The CPU Cool Down Test was invented to help uncover the 45nm Core 2 Duo CPUs that had sticking temperature sensors.  As the load on a CPU decreases, the temperature should decrease.  This test worked great for that problem and I am sure it helped encourage Intel to start using more expensive temperature sensors that no longer get stuck in the normal temperature range.  When a load is applied to a CPU, the core temperatures should instantly increase.  That is what the movement part of the test shows.  On 45nm Core 2 Duo CPUs, a movement reading of zero showed that the sensor likely had a sticking problem and was not moving at all when at low temperatures.  Many of these sensors were getting stuck at anything less than 45°C.  Your sensors look fine.
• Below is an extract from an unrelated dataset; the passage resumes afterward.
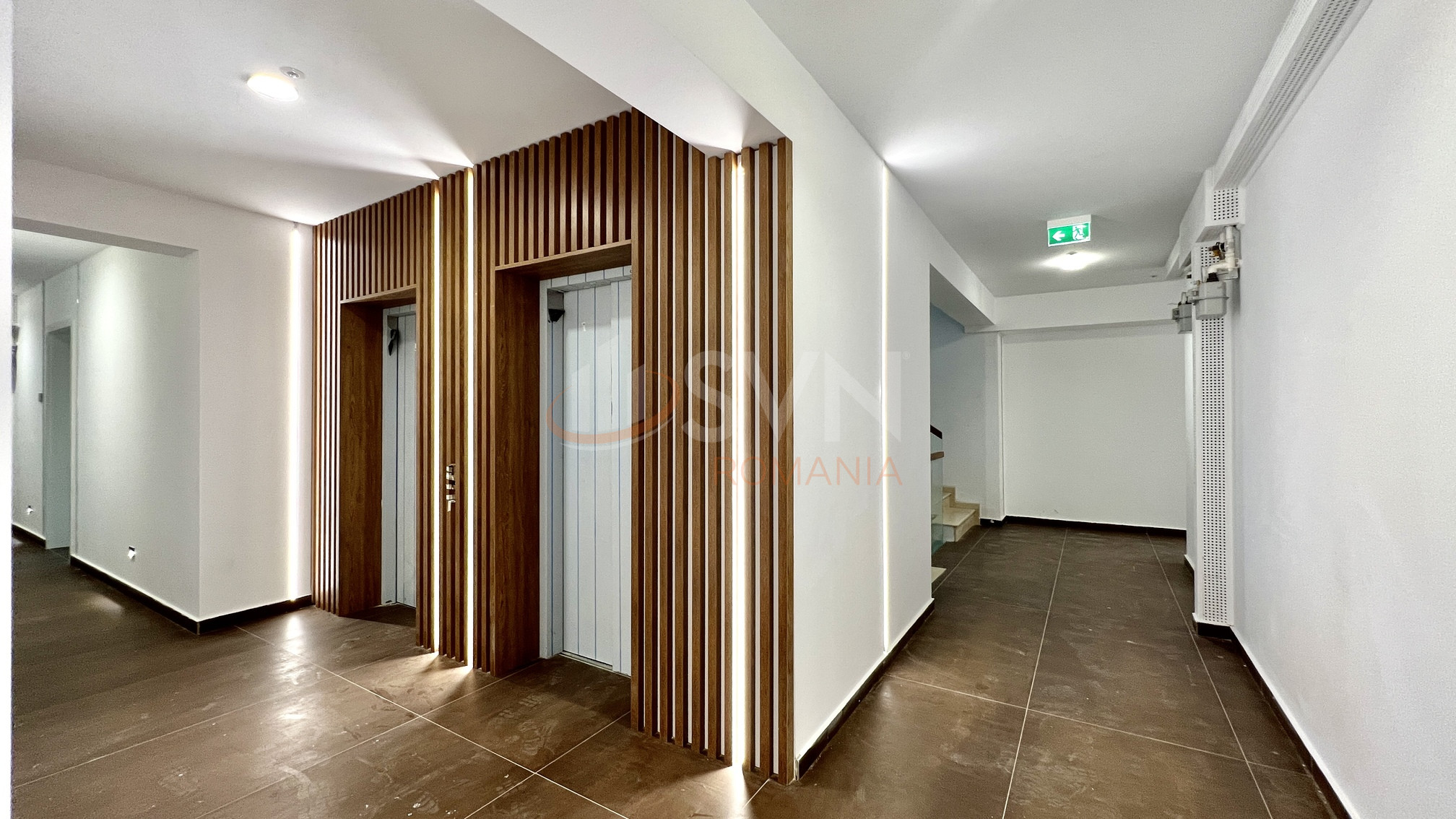 Apartament, 3 camere Bucuresti/Piata Unirii (s3)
RealTemp has not been updated in 4+ years.  It reports the temperatures correctly on a 6700K but the MHz and Load data needs some work.  I plan to look into this someday when I can afford a new system with a 6600K.  No money in the sock drawer at the moment.  A freeware programmer is kind of like a starving artist.  We produce good work but neither of us are getting rich.


----------



## Absolution (Jan 27, 2016)

I posted on my motherboard manufacturers website and they had the same thing to say. The temp goes up in the BIOS screen.


----------



## P4-630 (Mar 13, 2016)

I built a new skylake system recently, now when I open realtemp it shows the core temps around 20 degrees all day (idle), while my room temp is around 20 as well.


 

Now this seems a little hard to believe.
I did a sensor test and it says this:


 

To get the right temperatures at idle do I have to add 12 degrees?
Then core 0 would run at 32 degrees.

I must say in the UEFI the cpu temp reads around 23.


----------



## unclewebb (Mar 13, 2016)

Intel has never used temperature sensors that are 100% accurate.  These sensors are calibrated to trigger thermal throttling at approximately 100°C and to trigger thermal shutdown at about 125°C to 130°C.  Accurate idle temps has never been part of the design.  At the calibration point, these sensors are only accurate to +/- 5°C and when the CPU is idle, they are probably less accurate than that.  They tend to read too low at idle so your reported temps are normal.  

The Sensor test simply shows that all of your sensors are working.  When that test was originally written, many of the 45nm Core 2 sensors were getting completely stuck at temperatures below 40°C.  This test proved that point but this test has no significance when running it on a Core i CPU.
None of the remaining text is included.